Il y a aussi le micro à cohérence variable qui recompose les mots.

Ma Vie, 2006
© Grand Magasin

Non il ne recompose pas vraiment les mots. Mais l’idée de départ, qui n’a pas abouti, est l’utilisation d’un micro dont peut être réglé le degré de cohérence dans la restitution du langage. Supposons que le micro soit réglé à cohérence maximum, c’est-à-dire à 10, en fait personne ne verra quelque chose de son efficacité, sinon la propre incohérence de celui qui parle. Si le degré de cohérence est réglé à 5 au lieu de 10, la moitié de ce qui est dit sera incohérent. Après, qu’est-ce que l’incohérence ? Mais nous n’avons pas conservé cette séquence car elle n’était pas explicite.

Par contre nous avons gardé le micro qui restitue un mot sur 2, sur 3 ou sur 4. Car il y a là un élément qui reste un des axes de notre spectacle : dans la déperdition d’information, quel est le minimum nécessaire ou le maximum indispensable pour communiquer, comment les parasites ou les perturbations peuvent-ils recouvrir une partie d’un message, et dans quelle mesure un message altéré reste lisible ou non ?

Ces questionnements rejoignent des situations que nous vivons quotidiennement. Quand nous donnons rendez-vous à quelqu’un, par exemple, qu’est-il indispensable de lui dire pour qu’il soit là, ce jour-là ? Est-il suffisant de dire « à 15 heures ». Ou faut-il aussi indiquer le lieu ? Et éventuellement le jour, l’année, la ville. Avec ce message : « rendez-vous à 15 heures en juin », il y a peu de chance que nous nous retrouvions. Il y a donc des renseignements indispensables, d’autres moins nécessaires.

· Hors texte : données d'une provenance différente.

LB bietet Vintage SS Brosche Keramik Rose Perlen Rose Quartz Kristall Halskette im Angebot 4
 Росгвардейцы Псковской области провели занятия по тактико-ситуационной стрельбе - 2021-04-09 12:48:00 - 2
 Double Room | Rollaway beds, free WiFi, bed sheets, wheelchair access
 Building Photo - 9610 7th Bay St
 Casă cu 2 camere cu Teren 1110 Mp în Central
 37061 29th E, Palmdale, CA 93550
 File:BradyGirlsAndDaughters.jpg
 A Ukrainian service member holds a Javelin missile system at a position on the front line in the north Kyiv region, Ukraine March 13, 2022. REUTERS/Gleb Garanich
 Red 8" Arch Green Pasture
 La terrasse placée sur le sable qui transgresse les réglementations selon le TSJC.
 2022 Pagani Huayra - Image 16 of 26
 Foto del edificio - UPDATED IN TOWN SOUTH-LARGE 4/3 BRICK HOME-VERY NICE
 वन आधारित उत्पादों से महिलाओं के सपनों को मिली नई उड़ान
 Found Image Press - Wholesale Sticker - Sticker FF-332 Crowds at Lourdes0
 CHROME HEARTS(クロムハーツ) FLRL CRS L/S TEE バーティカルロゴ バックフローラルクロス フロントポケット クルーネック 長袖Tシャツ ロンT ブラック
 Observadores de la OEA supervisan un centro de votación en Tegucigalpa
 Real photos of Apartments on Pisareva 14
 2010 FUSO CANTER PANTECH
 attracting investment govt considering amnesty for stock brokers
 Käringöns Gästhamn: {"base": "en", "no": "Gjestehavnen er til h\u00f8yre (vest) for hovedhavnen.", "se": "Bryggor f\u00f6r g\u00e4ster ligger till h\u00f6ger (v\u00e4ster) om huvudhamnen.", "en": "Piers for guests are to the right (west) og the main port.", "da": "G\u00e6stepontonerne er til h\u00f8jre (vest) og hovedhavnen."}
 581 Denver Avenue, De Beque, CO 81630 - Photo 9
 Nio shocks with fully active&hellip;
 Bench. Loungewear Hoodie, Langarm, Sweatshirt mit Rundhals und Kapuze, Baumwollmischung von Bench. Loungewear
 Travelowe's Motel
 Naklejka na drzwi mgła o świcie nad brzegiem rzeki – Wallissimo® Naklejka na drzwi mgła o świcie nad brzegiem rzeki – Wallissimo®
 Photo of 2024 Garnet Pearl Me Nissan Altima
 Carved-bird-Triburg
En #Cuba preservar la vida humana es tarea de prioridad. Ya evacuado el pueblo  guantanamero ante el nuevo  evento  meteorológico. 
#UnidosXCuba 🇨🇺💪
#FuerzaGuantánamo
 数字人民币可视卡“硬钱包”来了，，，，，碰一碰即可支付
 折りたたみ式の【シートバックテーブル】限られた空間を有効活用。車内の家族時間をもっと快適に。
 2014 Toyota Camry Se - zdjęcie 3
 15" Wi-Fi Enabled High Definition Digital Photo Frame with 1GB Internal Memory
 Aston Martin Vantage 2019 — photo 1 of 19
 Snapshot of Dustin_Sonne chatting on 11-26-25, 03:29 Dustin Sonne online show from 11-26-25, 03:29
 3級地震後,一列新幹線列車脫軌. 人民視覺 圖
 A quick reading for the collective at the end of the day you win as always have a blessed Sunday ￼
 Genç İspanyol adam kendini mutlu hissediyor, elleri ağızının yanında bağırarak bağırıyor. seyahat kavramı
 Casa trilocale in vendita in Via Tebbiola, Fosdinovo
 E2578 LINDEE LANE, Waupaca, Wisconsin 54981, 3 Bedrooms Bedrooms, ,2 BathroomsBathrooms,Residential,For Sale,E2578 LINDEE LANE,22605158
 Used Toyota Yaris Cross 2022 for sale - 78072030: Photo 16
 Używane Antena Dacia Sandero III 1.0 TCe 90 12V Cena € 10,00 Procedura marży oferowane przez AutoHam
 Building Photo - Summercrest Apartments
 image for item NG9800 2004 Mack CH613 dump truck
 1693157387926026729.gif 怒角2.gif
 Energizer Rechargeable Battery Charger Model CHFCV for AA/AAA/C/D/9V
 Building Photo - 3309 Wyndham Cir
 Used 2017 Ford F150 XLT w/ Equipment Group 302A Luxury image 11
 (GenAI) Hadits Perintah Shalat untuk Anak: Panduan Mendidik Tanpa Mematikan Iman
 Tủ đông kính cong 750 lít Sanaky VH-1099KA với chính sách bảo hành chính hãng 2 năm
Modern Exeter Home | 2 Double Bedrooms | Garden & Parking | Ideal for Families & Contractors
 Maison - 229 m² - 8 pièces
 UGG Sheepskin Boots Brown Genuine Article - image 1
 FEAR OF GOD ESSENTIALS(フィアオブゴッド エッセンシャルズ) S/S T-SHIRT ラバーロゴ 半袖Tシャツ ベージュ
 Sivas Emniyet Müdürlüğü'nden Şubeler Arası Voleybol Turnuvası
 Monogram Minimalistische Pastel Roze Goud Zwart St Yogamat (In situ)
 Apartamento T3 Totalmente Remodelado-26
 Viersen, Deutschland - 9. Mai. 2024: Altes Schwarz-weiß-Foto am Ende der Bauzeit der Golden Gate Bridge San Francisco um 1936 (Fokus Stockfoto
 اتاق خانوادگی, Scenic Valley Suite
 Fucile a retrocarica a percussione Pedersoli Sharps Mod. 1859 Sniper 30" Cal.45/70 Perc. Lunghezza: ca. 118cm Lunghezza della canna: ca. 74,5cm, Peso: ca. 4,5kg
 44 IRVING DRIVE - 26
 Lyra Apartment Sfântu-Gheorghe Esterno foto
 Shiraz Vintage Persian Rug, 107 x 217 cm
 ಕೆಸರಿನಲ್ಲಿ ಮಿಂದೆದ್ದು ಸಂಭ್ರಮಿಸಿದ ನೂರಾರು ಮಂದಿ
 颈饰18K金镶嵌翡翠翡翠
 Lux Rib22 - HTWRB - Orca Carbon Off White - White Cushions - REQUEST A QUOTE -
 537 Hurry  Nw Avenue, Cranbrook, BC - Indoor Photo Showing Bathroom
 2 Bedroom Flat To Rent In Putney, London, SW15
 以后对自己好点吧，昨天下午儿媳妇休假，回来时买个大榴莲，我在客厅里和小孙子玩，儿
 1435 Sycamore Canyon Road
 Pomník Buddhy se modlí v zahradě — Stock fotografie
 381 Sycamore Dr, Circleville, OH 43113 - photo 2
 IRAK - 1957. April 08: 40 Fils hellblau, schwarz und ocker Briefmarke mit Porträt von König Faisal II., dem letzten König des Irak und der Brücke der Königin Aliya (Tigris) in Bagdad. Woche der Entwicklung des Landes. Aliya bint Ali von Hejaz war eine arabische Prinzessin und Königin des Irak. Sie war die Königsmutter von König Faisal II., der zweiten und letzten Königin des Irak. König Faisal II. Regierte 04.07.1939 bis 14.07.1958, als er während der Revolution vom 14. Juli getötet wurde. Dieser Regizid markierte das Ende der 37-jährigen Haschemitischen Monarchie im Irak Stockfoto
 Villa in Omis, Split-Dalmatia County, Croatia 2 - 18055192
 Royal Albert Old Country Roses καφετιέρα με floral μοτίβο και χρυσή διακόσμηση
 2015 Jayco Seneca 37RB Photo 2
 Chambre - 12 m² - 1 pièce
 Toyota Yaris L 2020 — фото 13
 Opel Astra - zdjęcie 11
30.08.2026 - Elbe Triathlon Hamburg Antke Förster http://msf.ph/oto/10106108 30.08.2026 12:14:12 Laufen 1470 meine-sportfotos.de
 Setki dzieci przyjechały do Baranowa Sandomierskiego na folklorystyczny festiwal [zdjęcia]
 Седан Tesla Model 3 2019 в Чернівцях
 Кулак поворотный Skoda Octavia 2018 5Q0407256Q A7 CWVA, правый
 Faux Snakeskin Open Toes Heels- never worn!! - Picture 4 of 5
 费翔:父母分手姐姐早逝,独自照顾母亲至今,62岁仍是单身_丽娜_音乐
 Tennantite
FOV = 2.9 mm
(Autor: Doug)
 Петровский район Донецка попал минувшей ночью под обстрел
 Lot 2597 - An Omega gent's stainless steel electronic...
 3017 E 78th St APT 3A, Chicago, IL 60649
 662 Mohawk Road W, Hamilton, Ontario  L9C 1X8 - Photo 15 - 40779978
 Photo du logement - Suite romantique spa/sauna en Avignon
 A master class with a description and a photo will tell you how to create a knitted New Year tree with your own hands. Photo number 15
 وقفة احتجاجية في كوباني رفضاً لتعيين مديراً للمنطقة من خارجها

Un micro qui marche dans Les Déplacements du problème est un micro qui provoque des problèmes. Nous avons remarqué que nous ne pouvions pas dire « ce micro ne marche pas », puisque nous avons cherché à ce qu’il produise des problèmes.

Ce spectacle explore la piste de la communication. Aurait-il pu en suivre une autre, plus musicale ?

À l’Ircam, nous croisons des Spécialistes, avec un grand S, du son, pour lesquels la notion de qualité prime, et dont les délices sont la distinction entre un son produit par un instrument et la façon dont il est diffusé dans la salle. Des subtilités très intéressantes, mais qui ont eu tendance à nous échapper dans un premier temps, et qui nous paraissaient ne pas appartenir au stock de Grand Magasin. Plus nous les découvrons, plus nous les aimons, comme une sorte de travail esthétique, d’initiation à poursuivre pour nous-mêmes.

Pour communiquer à partir de notre politique de base, notre recherche d’un tronc commun, il ne s’agissait pas de qualité de son mais bien de quantité : combien y a t-il de mots dans cette phrase ? y en a-t-il suffisamment pour que je la comprenne ? Ce n’est pas la douceur du mot ou la beauté de sa vocalisation qui nous intéresse, en l’occurrence.

Dans notre spectacle, le rapport à la musique se fait par le biais de la composition, à savoir comment découper les scènes entre elles, comment organiser le différent, la séparation, le silence, l’infiniment nouveau ou, au contraire, la redondance.